**Input records:**
· · · · · · ·
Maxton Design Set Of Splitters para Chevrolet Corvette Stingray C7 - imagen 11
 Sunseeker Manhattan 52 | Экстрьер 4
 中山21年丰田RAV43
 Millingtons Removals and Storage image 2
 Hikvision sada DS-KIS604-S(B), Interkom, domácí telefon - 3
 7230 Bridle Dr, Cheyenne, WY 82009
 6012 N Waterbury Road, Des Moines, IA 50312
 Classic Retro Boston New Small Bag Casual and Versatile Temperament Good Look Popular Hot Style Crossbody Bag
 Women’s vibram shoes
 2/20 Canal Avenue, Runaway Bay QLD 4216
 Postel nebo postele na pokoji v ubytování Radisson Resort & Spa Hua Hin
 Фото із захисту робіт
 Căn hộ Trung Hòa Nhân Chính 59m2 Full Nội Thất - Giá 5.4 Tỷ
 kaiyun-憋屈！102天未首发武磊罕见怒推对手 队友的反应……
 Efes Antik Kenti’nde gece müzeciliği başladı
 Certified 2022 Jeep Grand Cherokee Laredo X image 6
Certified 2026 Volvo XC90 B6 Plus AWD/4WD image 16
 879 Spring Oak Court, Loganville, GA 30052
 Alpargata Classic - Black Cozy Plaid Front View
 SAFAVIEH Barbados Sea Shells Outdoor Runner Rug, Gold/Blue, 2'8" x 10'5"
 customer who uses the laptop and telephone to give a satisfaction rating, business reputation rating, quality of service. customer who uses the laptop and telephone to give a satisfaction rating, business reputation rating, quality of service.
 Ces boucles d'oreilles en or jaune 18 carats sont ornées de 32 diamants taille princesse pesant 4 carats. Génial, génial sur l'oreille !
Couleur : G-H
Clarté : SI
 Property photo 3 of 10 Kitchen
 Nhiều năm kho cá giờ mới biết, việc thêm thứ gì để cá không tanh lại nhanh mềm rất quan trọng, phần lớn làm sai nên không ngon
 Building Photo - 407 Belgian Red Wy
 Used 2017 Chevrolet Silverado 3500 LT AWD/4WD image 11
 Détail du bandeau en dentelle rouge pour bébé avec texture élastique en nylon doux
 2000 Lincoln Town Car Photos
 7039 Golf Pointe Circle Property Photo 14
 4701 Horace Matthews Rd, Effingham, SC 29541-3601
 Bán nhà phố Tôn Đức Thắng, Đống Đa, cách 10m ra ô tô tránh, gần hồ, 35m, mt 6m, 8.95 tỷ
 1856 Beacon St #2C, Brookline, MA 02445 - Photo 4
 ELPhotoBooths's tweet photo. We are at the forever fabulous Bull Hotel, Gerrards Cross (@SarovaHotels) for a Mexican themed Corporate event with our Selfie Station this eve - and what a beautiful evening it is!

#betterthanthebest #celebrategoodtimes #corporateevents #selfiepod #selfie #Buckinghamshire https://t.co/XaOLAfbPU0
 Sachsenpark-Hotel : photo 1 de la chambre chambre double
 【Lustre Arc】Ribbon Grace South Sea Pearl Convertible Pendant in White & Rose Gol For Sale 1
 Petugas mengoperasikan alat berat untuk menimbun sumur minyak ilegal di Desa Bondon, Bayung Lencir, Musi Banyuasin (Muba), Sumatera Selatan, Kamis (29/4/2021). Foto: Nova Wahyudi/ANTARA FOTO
· · · · · · ·
**Work instruction:**
Give back exactly what runs from the first line of the listing above to the line that contains "Hikvision sada DS-KIS604-S(B), Interkom, domácí", keeping both end lines.

**Output of the exercise:**
Maxton Design Set Of Splitters para Chevrolet Corvette Stingray C7 - imagen 11
 Sunseeker Manhattan 52 | Экстрьер 4
 中山21年丰田RAV43
 Millingtons Removals and Storage image 2
 Hikvision sada DS-KIS604-S(B), Interkom, domácí telefon - 3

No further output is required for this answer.